Contou-me a mais linda das historias de amor. Como havia conhecido ela. Dos passeios, dos amores, das risadas. Lembramos especialmente das risadas das pessoas amadas. Eu pelo menos lembro. Por isso gosto tanto quando você ri. É a lembrança que não vai se apagar da memória... Mas voltando. Contou-me tudo isso. E começou a contar os eventos seguintes. O ciúme diante de uma saída com um amigo. O ciúme diante de uma noite que não o convidasse para sair. O ciúme diante do amor que as outras pessoas ganhavam. E o ciúme é algo irracional, algo complicado. Ele oprime e tira espaço. Acaba consumindo a pessoa. E o relacionamento. No pior dos casos também consome a outra pessoa, que não sabe como atuar diante dessa característica. E finalmente, diante do mal-humor, da opressão, das acusações, a outra pessoa se cansa, e, por mais amor que tenha, pensa nela e acaba aquilo que nasceu belo, mas que foi consumido. O ciúme é como os cupins. Em baixas quantidades ele torna a manutenção da relação mais saudável, pois ela não fica antiga. Mas em altas quantidades, ele destrói as bases, até o ponto que a demolição, a quebra e o futuro desabamento é inevitável. E assim se deu com meu amigo. Que chorava a destruição do que de mais belo havia construído. Do seu primeiro grande amor. Chorava com uma criança. E não poderia reprimi-lo.

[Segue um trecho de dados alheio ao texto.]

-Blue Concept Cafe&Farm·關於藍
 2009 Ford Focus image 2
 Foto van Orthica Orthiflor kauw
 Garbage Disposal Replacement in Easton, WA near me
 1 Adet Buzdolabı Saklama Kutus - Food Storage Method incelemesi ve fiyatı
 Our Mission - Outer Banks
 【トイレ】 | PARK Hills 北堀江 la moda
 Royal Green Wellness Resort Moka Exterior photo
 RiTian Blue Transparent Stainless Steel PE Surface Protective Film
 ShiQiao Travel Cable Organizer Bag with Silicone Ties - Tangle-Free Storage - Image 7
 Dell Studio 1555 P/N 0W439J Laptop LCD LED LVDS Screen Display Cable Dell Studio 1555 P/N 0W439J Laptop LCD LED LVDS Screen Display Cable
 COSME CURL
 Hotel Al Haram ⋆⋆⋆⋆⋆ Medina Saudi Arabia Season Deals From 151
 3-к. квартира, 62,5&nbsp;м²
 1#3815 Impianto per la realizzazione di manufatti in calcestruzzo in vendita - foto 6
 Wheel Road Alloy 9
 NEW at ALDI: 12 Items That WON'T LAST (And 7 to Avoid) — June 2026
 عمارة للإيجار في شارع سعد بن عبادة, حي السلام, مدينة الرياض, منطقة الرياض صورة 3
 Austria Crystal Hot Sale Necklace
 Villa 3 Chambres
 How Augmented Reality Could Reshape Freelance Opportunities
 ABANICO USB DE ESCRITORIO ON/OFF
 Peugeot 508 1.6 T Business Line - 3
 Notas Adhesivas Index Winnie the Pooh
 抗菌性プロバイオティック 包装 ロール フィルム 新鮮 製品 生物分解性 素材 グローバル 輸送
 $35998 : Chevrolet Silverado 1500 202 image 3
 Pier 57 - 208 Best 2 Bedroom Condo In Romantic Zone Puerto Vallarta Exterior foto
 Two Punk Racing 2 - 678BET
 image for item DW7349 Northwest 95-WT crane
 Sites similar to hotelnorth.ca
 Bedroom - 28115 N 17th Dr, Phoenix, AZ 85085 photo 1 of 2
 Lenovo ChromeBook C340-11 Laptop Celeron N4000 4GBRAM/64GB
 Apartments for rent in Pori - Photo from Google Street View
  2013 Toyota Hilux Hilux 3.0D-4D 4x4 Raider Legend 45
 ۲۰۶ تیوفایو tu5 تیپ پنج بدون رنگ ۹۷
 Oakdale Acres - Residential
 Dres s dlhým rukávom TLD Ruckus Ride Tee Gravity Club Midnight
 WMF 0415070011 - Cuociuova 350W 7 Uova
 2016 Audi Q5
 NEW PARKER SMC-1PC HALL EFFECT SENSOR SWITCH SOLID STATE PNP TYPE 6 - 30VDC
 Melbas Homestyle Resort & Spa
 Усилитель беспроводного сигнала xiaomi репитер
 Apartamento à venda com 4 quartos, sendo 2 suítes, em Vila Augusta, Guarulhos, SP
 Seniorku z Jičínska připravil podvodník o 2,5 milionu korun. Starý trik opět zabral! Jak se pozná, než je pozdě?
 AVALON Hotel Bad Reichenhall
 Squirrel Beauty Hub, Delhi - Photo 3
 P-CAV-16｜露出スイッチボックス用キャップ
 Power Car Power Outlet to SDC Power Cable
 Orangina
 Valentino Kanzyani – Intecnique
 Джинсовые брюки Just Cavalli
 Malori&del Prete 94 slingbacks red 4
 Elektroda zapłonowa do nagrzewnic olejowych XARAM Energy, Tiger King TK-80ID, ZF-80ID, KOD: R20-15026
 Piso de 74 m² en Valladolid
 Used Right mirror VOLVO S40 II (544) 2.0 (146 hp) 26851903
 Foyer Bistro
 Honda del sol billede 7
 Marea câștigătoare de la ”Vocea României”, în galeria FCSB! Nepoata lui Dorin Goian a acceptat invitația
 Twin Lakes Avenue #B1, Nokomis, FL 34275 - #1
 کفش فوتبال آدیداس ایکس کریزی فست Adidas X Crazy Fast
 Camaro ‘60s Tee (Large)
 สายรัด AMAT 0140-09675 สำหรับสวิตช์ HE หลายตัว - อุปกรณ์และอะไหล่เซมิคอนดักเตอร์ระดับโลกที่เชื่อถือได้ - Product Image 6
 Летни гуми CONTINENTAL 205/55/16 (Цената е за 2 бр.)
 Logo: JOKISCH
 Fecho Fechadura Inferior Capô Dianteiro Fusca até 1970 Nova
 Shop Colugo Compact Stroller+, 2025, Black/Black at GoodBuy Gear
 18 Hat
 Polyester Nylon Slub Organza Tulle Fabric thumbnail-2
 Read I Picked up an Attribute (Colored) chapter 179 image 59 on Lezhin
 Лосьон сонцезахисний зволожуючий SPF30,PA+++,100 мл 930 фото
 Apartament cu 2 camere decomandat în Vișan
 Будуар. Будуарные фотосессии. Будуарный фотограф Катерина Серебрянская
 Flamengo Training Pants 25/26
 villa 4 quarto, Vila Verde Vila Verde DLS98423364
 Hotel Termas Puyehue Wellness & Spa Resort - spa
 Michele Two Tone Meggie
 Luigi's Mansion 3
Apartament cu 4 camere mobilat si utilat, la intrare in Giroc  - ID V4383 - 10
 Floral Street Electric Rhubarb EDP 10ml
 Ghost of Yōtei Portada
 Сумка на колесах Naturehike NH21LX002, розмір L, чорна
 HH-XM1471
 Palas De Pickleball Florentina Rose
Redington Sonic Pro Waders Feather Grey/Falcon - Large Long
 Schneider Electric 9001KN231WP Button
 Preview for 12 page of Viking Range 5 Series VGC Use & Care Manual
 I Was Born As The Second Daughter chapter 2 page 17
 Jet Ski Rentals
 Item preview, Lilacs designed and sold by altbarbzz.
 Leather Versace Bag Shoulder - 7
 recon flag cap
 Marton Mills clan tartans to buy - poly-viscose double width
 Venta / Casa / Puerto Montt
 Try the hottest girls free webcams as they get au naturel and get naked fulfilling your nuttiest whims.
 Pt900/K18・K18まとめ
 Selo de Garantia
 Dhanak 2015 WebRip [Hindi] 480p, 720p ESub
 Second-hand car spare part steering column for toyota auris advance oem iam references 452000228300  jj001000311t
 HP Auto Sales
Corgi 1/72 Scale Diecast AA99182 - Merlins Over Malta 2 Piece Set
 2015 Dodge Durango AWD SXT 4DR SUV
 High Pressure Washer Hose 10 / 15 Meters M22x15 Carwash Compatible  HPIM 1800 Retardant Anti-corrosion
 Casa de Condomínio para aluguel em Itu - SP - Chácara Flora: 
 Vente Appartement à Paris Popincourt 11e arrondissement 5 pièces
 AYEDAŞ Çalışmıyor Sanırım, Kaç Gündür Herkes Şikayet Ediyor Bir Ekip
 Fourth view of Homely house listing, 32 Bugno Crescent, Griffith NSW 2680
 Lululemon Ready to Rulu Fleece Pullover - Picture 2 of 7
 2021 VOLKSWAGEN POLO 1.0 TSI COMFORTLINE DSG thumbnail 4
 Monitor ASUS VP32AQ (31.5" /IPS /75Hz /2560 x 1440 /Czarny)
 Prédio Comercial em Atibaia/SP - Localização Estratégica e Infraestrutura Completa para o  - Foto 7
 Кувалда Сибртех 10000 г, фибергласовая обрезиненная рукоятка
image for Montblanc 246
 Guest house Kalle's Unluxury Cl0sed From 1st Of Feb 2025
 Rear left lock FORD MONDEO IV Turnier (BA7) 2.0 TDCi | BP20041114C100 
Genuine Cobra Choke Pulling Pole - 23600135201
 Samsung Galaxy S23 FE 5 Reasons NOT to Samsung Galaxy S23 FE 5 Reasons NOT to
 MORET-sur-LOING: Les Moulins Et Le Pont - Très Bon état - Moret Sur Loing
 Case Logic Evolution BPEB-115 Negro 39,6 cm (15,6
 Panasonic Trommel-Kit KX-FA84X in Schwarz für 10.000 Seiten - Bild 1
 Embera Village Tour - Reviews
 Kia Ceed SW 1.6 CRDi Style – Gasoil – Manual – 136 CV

E foi ai que tudo ficou claro. Se o ódio é o ponto de acumulação de todas sensações propriamente negativas, o ciúme tem a ousada e sádica mania de grudar no ponto de acumulação de todas as boas sensações humanas. E corroe-las. E destruí-las. Você já está convencida? Pois é extremamente claro. O ódio destrói tudo ao seu caminho, seja bom ou ruim. Mas o ciúme destrói o bom, o infinitamente bom. Aquilo que nem o ódio consegue destruir. Ele destrói o amor, destrói a amizade, destrói a família. Ele é a maior pedra antes da felicidade. Ele é suicídio de nossos sucessos. Não posso pensar em nada pior do que isso. Não posso pensar em nada mais mórbido.

Mas o que isso prova? Só porque tenho esse abençoado, ou desgraçado, conhecimento, não significa que tenha resolvido o problema. Sim, é verdade. Mas isso é corrigível. Posto que, se não posso resolver com segurança, uma vez que o ciúme é a praga que ataca todas as pessoas, tenho a segurança de que não estou exagerando ou de que as coisas não são tão importantes. Fato é que excluir o ciúme de nossas vidas é impossível, e de utilidade questionável. Como já disse, ter em dose certa, pode fazer um relacionamento ser constantemente lubrificado, constantemente reerguido. Por isso digo que sei muito bem onde está o equilíbrio, e assim posso atingi-lo.

Ué!! Você está rindo!... Não é bom o suficiente?... Bem, digamos que existem historias que merecem ser difundidas, pelo bem da humanidade. Ou pelo bem de uma linda mulher. Mentira?... Não, não menti em momento nenhum...Tudo a mais pura verdade... Bem, sabia que com você a coisa teria que ser de uma classe mais elevada, senão você não acreditaria em mim... Mas quem na verdade mentiu aqui?

Passou a língua pelos lábios. A preparação é inconsciente, representa o objetivo masculino, não dando chance para enganos. Acaba a cerveja em um gole só. Levanta-se dando as costas aos amigos, e com um olhar de determinação atravessa o bar até a mesa daquela moça que não conseguiu parar de sorrir e mexer nos cabelos desde seus primeiros olhares. Não dando a menor duvida sobre o convite, mas misturando isso com uma ponta de embaraço. Isso não tira sua confiança. Apenas o prepara para uma luta um pouco maior. Apresenta-se e senta. Ela então lhe diz que tem um namorado. Ele não acredita em nenhuma palavra. Mesmo porque não são muitas. Saboreia a dificuldade que aparece. Pede um drinque para ela, contra o seu gosto. E começa. Começa aquilo que sabe fazer de melhor. Mente. Descaradamente. Quanto mais melhor, mais próximo de seu objetivo. Mas a mentira de um homem para uma mulher não é mentira, é a felicidade mutua. É a sobrevivência da espécie.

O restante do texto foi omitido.